Depuis des décennies, les Etats africains vivent ou plutôt survivent grâce aux prêts accordés soit par d’autres Etats, soit par les organisations internationales (Banque Mondiale, FMI, Club de Paris…). Dans la pratique, ces prêts sont largement accordés contre l’accès aux ressources naturelles (énergétiques, minières,…) des pays ou en contrepartie de l’octroi de grands travaux (barrages, routes,…) aux entreprises des pays créanciers. La capacité de remboursement des Etats se base sur une gestion saine des Etats et un accroissement des PNB. Malheureusement, pour un certain nombre de ces Etats, ni l’un ni l’autre ne sont au rendez-vous. Les Etats ne sont plus en mesure d’honorer leurs échéances.
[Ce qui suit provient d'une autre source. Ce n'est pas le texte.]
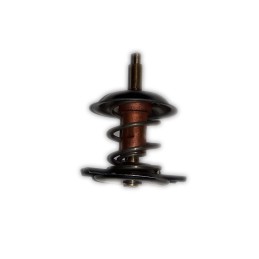 Deutz Fahr Agrotron variklio termostatas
C’est alors que les agences de notation dégradent les notes accordées aux Etats. Certains de leurs créanciers préfèrent brader leur créance que d’attendre un hypothétique remboursement même partiel. Mais des fonds d’investissement voient dans ces Etats surendettés une opportunité et non un risque. Il s’agit des fonds vautours. Les fonds vautour sont des fonds d’investissement spéculatifs dont la stratégie consiste à acheter avec une forte décote les dettes de différentes structures en difficulté (Etats les plus pauvres ou entreprises en difficultés). Ils vont ensuite tenter de récupérer le montant intégral de leurs investissements y compris par le biais de procès. Ils tiennent ce surnom de leurs pratique qui consiste à racheter à très bas prix des créances sur les États ou entreprises en difficulté pour ensuite les contraindre par voie judiciaire à les rembourser au prix fort, c’est à dire le montant initial des dettes, augmentées d’intérêts, de pénalités et de divers frais de justice. Ils sont majoritairement basés dans les paradis fiscaux. Pour ne pas affecter leur image, les Etats préfèrent éviter la médiatisation d’une action en justice et négocient en marge des tribunaux avec les fonds vautours.
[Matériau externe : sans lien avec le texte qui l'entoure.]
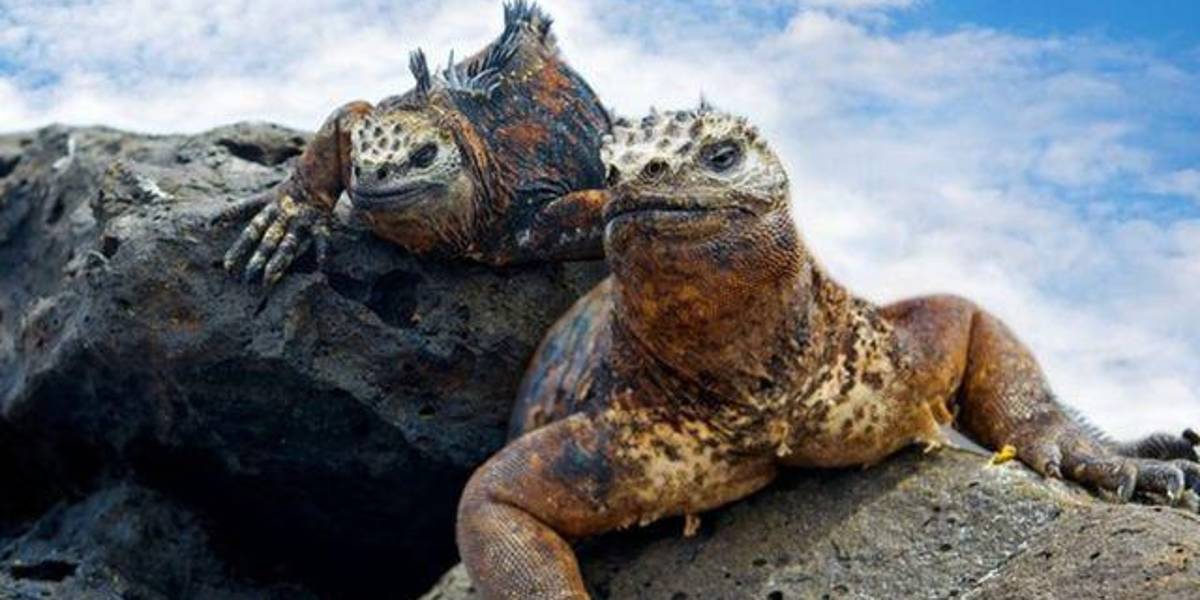 Ecuador ocupa el décimo primer lugar en la lista de países más bellos del mundo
Afin de neutraliser l’action des fonds vautours contre les pays pauvres endettés, la Banque africaine de développement (BAD), après des années de consultations et de négociations avec les États membres et de grands cabinets d’avocats a lancé une structure inédite en 2009 : la Facilité africaine de soutien juridique. La Facilité, poursuit 3 missions essentielles: fournir une assistance dans le cadre du règlement de contentieux avec des créanciers commerciaux (notamment les Fonds vautours); fournir une assistance aux pays africains dans la négociation de transactions commerciales complexes; et assurer le renforcement des capacités juridiques sur le continent.
En mai 2012, le Burkina Faso a bénéficié de l’appui de cette structure dans la négociation de ses contrats avec des prestataires internationaux pour la réfection de l’aéroport international de Ouagadougou. Il s’agissait ainsi de lutter contre les fonds vautours.
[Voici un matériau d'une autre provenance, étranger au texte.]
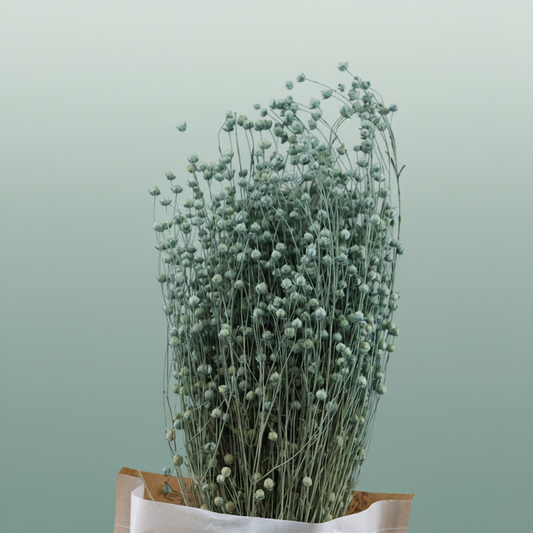 Dried Lino Vlas Frosted Light Blue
Le phénomène des fonds vautours trouve son origine entre autres dans la mauvaise gestion des finances publiques (contraction de dettes commerciales sans autorisation et sans respect des procédures d’emprunt prévues par la Constitution, absence de suivi de la gestion de la dette, …), la mauvaise (ou l’absence totale) de négociation du contrat commercial dont les clauses essentielles ne sont pas comprises de l’Etat emprunteur. En amont de la négociation d’un Accord de prêt, l’Etat doit constituer une solide équipe pluridisciplinaire intégrant, notamment, de l’expertise économique, juridique comptable et financière. Il doit, selon les spécialistes de la BAD, surtout éviter d’accepter :
-De renoncer à toutes ses immunités
-Que sa dette puisse être cédée (vendue) sans son accord préalable
-Que le droit applicable soit celui d’un système juridique qui ne lui est pas familier, et que la décision de choisir la juridiction compétente soit prise sans son accord, autant que faire se peut.
Même s’ils ploient sous le poids des dettes ou ont d’immenses besoins financiers, les Etats et les entreprises doivent donc faire preuve de la plus grande vigilance afin de ne pas tomber dans les griffes des fonds vautours ; adeptes de ce que l’on qualifie « d’économie charognard ».